## DATA RECORDS
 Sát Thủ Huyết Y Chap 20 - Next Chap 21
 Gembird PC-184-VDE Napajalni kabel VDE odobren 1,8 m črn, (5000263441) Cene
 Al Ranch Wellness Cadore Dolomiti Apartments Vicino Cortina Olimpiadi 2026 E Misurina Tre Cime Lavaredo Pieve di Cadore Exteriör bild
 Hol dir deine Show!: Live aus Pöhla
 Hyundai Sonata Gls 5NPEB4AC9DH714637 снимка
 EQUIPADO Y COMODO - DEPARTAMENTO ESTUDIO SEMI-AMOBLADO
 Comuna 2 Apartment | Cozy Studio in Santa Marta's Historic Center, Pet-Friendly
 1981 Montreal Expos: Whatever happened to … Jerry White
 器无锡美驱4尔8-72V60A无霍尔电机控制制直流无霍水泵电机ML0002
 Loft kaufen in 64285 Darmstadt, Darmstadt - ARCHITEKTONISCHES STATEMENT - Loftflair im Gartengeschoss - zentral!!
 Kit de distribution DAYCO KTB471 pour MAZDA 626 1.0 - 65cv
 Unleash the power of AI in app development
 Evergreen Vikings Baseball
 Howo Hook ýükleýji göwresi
...
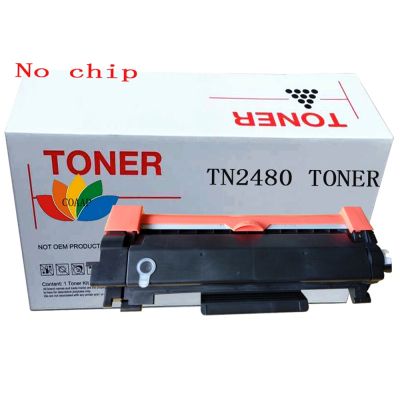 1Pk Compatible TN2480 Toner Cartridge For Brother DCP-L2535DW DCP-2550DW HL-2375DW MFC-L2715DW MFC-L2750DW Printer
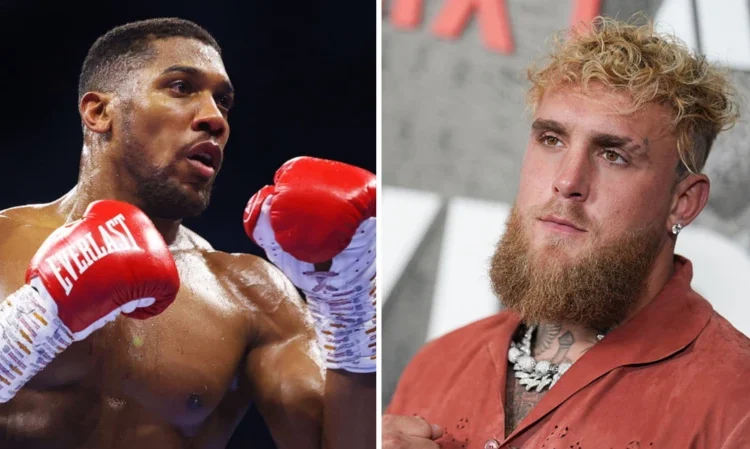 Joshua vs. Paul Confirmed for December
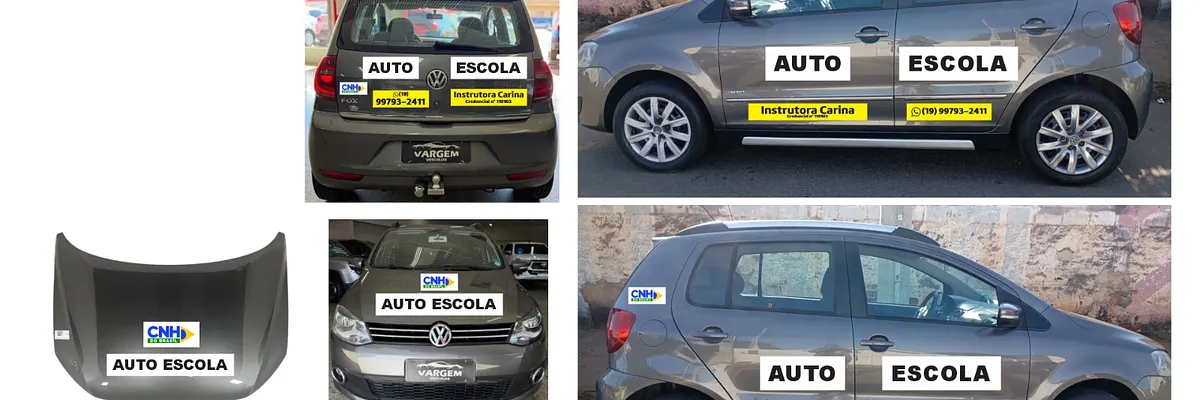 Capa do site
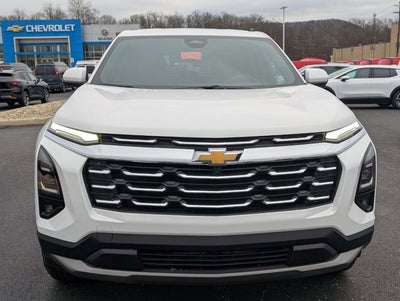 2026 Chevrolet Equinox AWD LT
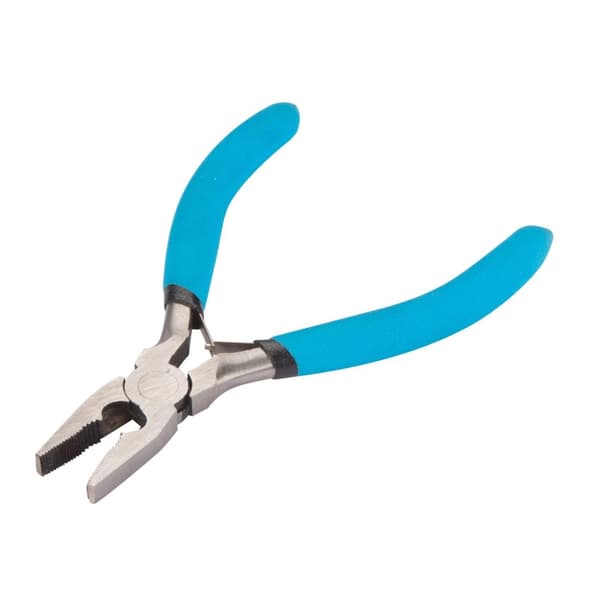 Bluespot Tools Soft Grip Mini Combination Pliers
---
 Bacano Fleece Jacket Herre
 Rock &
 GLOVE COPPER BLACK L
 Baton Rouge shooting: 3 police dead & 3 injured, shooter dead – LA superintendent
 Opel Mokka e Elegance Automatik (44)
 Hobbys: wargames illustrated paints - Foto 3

## TASK PROMPT
Only one part of the material above is to be transcribed, namely the lines starting with the line that has "Al Ranch Wellness" and going on through the line that has "Howo Hook ýükleýji göwresi", exactly as they stand.

## YOUR SOLUTION
 Al Ranch Wellness Cadore Dolomiti Apartments Vicino Cortina Olimpiadi 2026 E Misurina Tre Cime Lavaredo Pieve di Cadore Exteriör bild
 Hol dir deine Show!: Live aus Pöhla
 Hyundai Sonata Gls 5NPEB4AC9DH714637 снимка
 EQUIPADO Y COMODO - DEPARTAMENTO ESTUDIO SEMI-AMOBLADO
 Comuna 2 Apartment | Cozy Studio in Santa Marta's Historic Center, Pet-Friendly
 1981 Montreal Expos: Whatever happened to … Jerry White
 器无锡美驱4尔8-72V60A无霍尔电机控制制直流无霍水泵电机ML0002
 Loft kaufen in 64285 Darmstadt, Darmstadt - ARCHITEKTONISCHES STATEMENT - Loftflair im Gartengeschoss - zentral!!
 Kit de distribution DAYCO KTB471 pour MAZDA 626 1.0 - 65cv
 Unleash the power of AI in app development
 Evergreen Vikings Baseball
 Howo Hook ýükleýji göwresi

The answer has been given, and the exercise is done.